=== Section Start ===

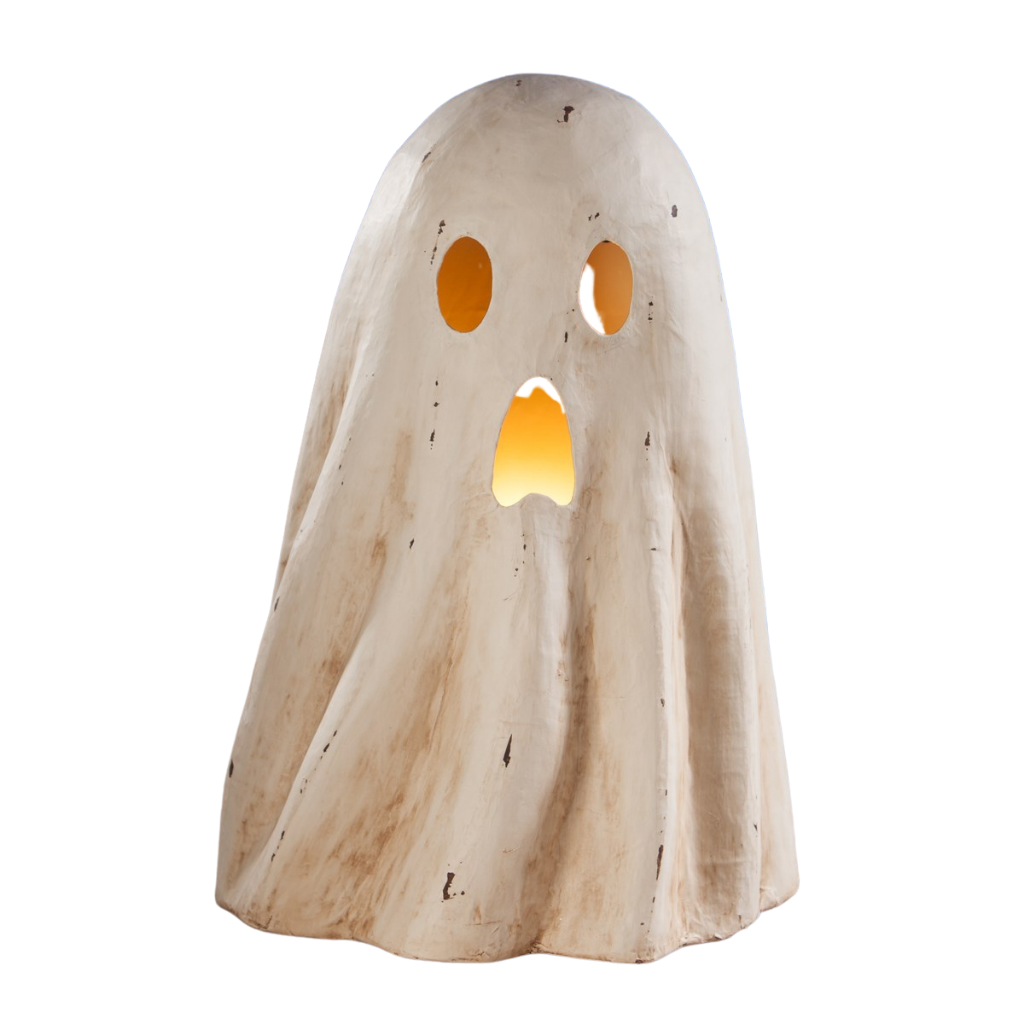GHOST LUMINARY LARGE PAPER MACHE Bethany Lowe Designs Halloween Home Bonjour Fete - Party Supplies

=== Section End ===
=== Section Start ===

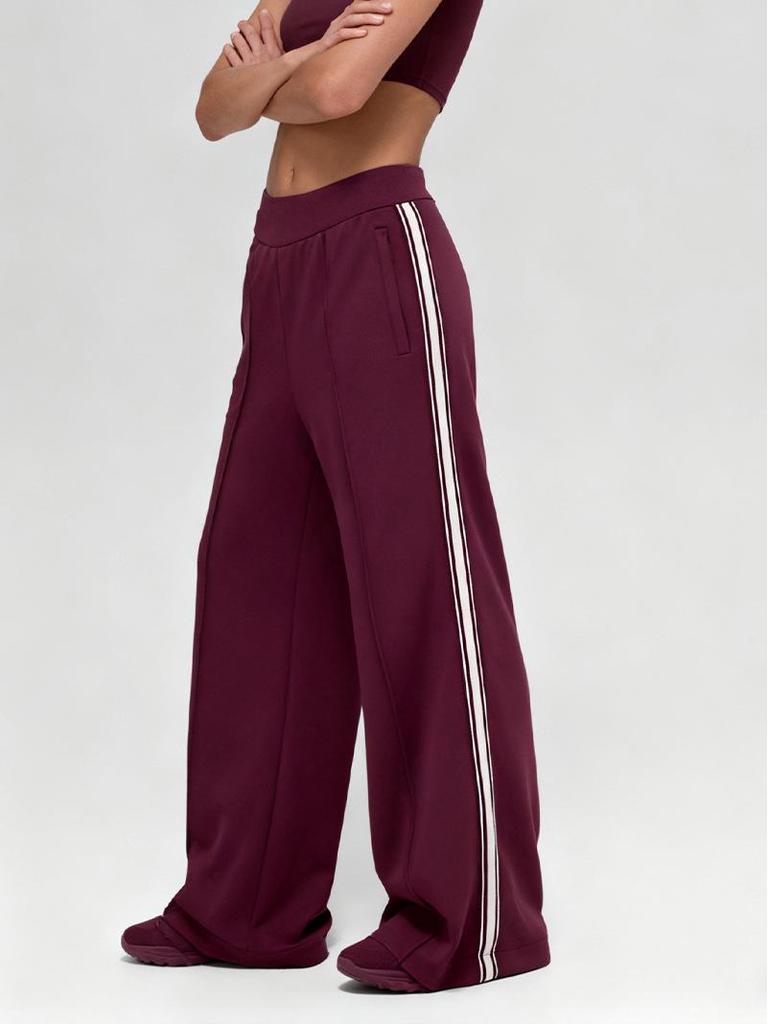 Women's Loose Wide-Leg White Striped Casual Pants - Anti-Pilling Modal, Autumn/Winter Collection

=== Section End ===
=== Section Start ===

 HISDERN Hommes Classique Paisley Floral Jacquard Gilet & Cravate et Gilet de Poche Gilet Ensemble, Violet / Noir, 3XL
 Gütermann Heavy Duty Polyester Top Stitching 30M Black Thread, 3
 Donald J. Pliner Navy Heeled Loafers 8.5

=== Section End ===

_What is being asked_
Beginning with the line containing "Gütermann Heavy Duty" and ending with the line containing "Donald J. Pliner Navy Heeled Loafers 8.5", extract those lines exactly from the listing above, and only those.

_Exercise solution_
 Gütermann Heavy Duty Polyester Top Stitching 30M Black Thread, 3
 Donald J. Pliner Navy Heeled Loafers 8.5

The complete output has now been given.